Death Stranding 2: On the Beach is what happens when Kojima actually listens to criticism, then responds in the most Kojima way possible. It is bigger, cleaner, more action-forward, less stubbornly obtuse in the moment-to-moment play, and a lot easier to recommend than the first game. It is also, weirdly, a little less special because of that.

The original Death Stranding was divisive for a reason. Half the appeal was that it felt like nobody else would even dare make something that committed that hard to walking, balance, terrain, weather, cargo management, and loneliness. On the Beach keeps that foundation, but layers on more combat options, more mobility, more convenience, more spectacle, and a more generous pace. For most players, that is a straight upgrade. For the sickos who loved the first game precisely because it was abrasive, the sequel can feel like it has been sanded down.

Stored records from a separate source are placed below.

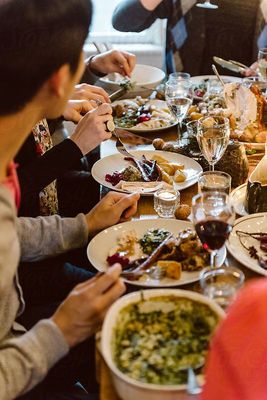 a group of people sitting around a dinner table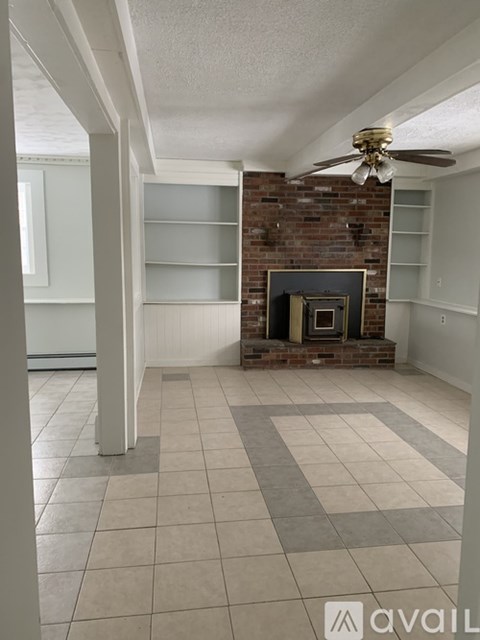 A living room with a fireplace and a ceiling fan.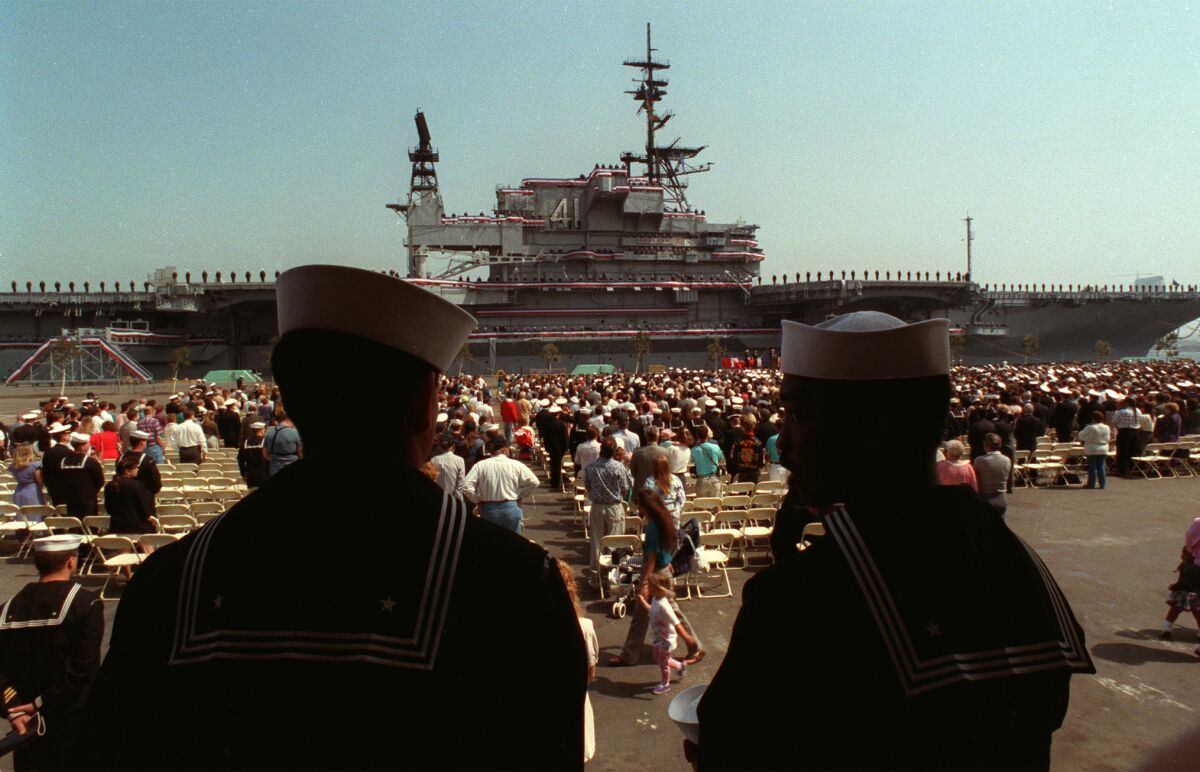 Sailors watch the decommissioning ceremonies for the U.S.S. Midway at North Island Naval Station. 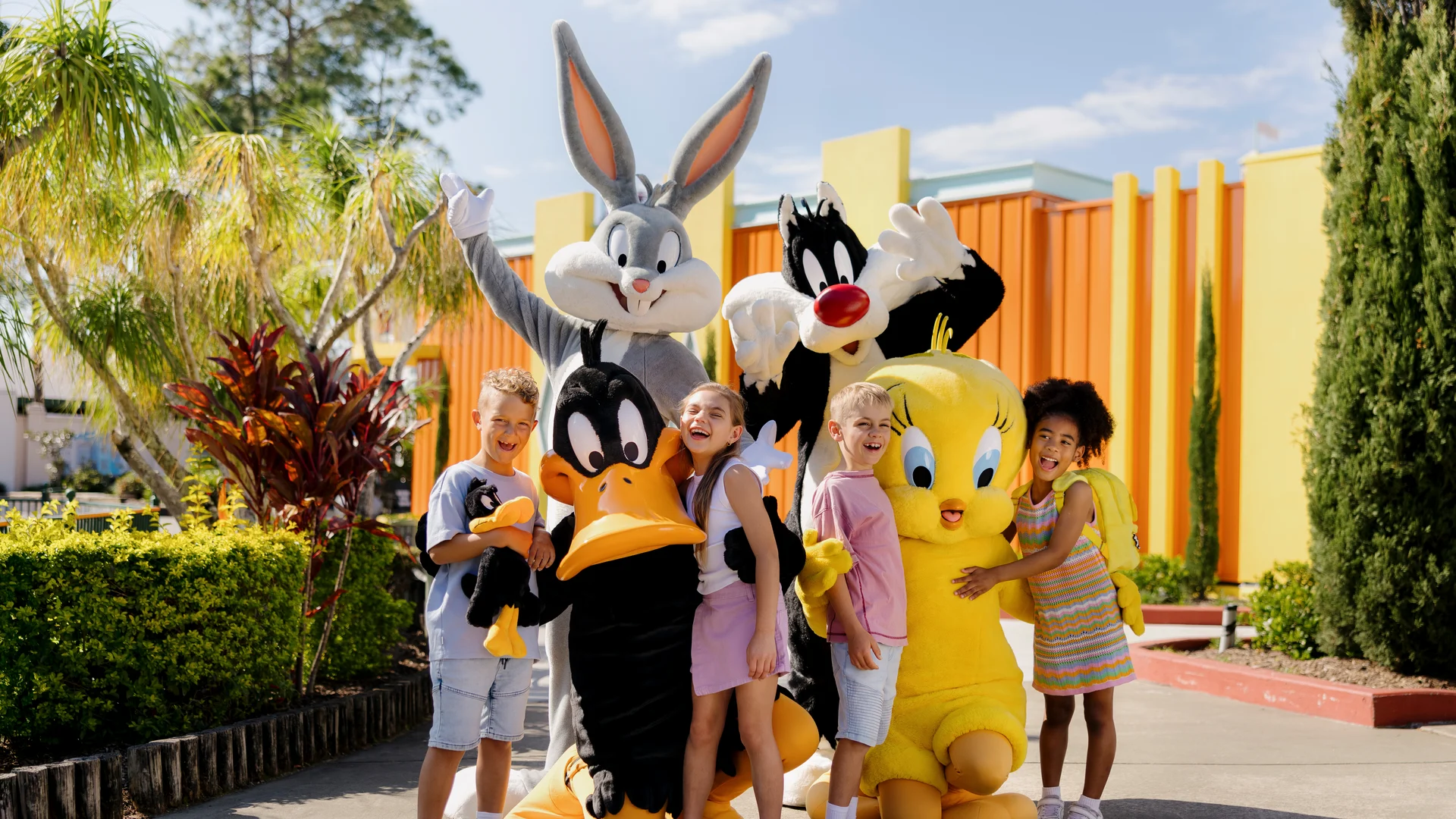 Four smiling children pose outdoors with people dressed in Bugs Bunny, Daffy Duck, Sylvester the Cat, and Tweety Bird costumes, surrounded by greenery and colorful buildings on a sunny day.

Traversal still rules, and now the rest of the game can keep up

The best thing about Death Stranding 2 is that the core act of getting from one place to another is still insanely satisfying. Kojima Productions understands terrain better than most open-world studios understand combat. Slopes matter. Rivers matter. Loadouts matter. The feeling of preparing for a route, improvising when the weather turns ugly, then barely dragging yourself and your cargo to the destination still hits.

The difference now is that the supporting systems are much better. Vehicles come earlier and feel more useful. Combat has more tools and more purpose. Stealth is less clunky. Infrastructure building remains one of the game’s smartest ideas, especially once the shared online layer kicks in and the world starts showing traces of other players helping, flexing, or trolling in useful ways. It still feels oddly human in a genre full of empty “live service” nonsense.

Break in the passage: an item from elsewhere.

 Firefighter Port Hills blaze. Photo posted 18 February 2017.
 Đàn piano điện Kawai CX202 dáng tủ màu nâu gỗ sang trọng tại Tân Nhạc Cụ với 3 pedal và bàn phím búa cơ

There is also more variety in how the game asks you to solve problems. You can brute-force your way through some encounters, sneak through others, or just route around trouble like a true delivery goblin. That flexibility makes the whole experience less monotonous than the first game, and it is a big reason why critical reception landed so strongly in its favour.

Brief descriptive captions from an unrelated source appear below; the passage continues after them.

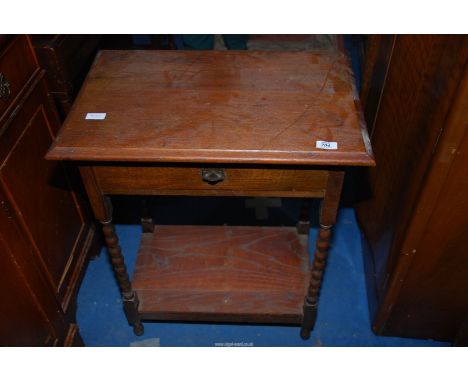 An Oak occasional table with barley twist legs, drawer and lower shelf, 24'' x 16'' x 31'' high.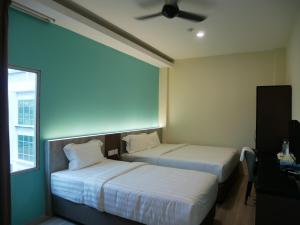 Pantai Regal City Hotel في كُوانتان: سريرين في غرفة الفندق مع مروحة سقف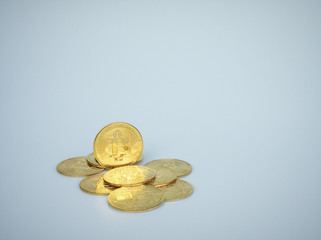 The pile of Bitcoin Crypto currency is placed on the white background.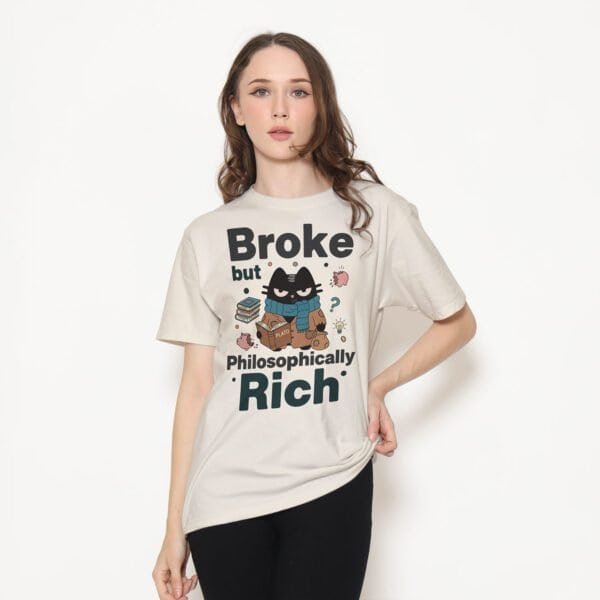 Female model wearing a funny philosophy beige t-shirt with the 'Broke but Philosophically Rich' graphic.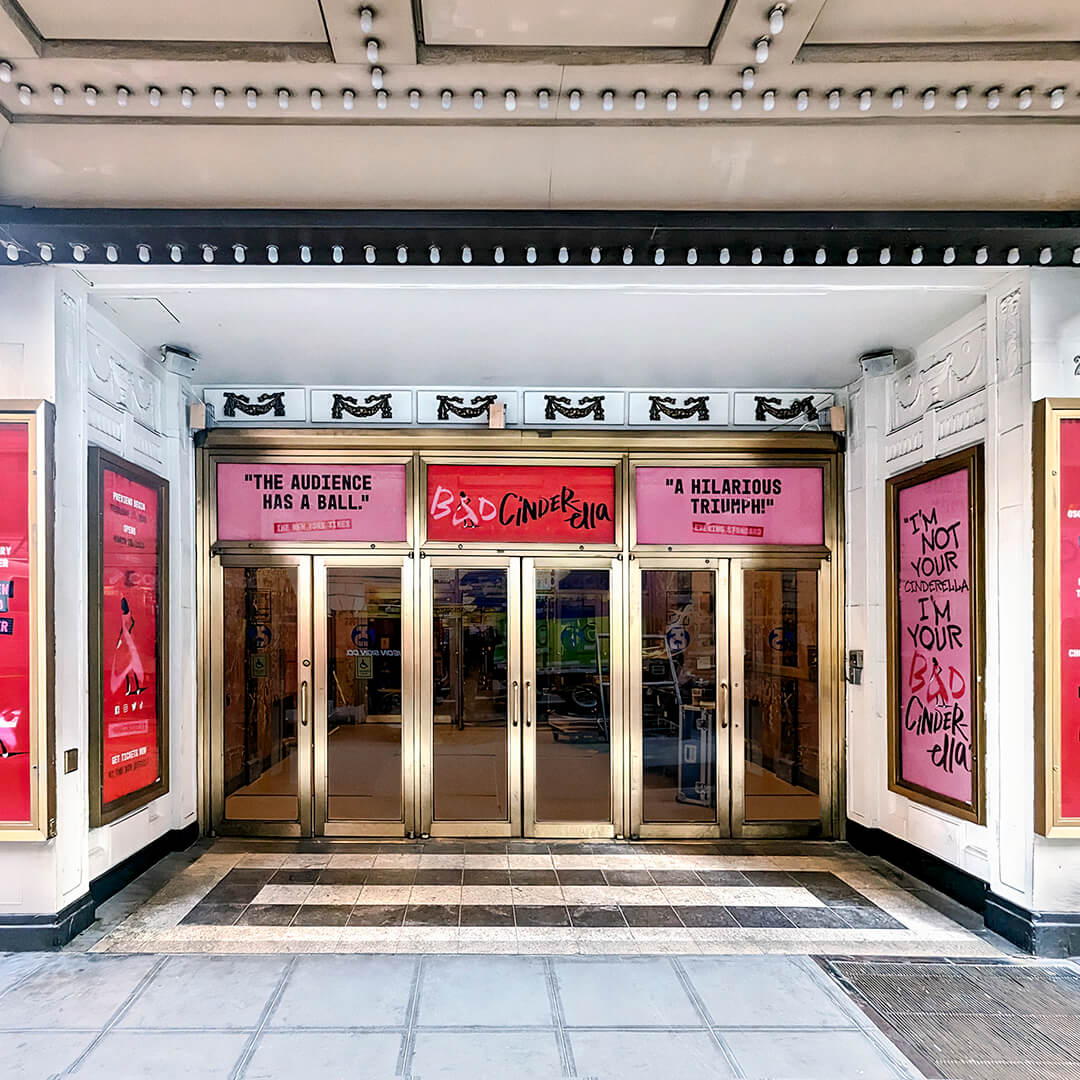 Theater entrance decorated with posters and slogans for the Bad Cinderella musical.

The catch: making Death Stranding easier changes what Death Stranding is

This is where the review splits depending on who you are.

If you bounced off the first game because it was too slow, too punishing, or too in love with its own friction, On the Beach is clearly better. If you loved the original because every successful delivery felt earned through suffering, this sequel may feel a bit too accommodating.

That tension has shown up a lot in community response too. The broad consensus is that Death Stranding 2 improves combat, pacing, and usability, but some players miss the harsher edge of the first game. When traversal becomes smoother and the toolbox gets bigger, the world can feel slightly less threatening. The journey is still the point, but it no longer feels quite as brutal or alien.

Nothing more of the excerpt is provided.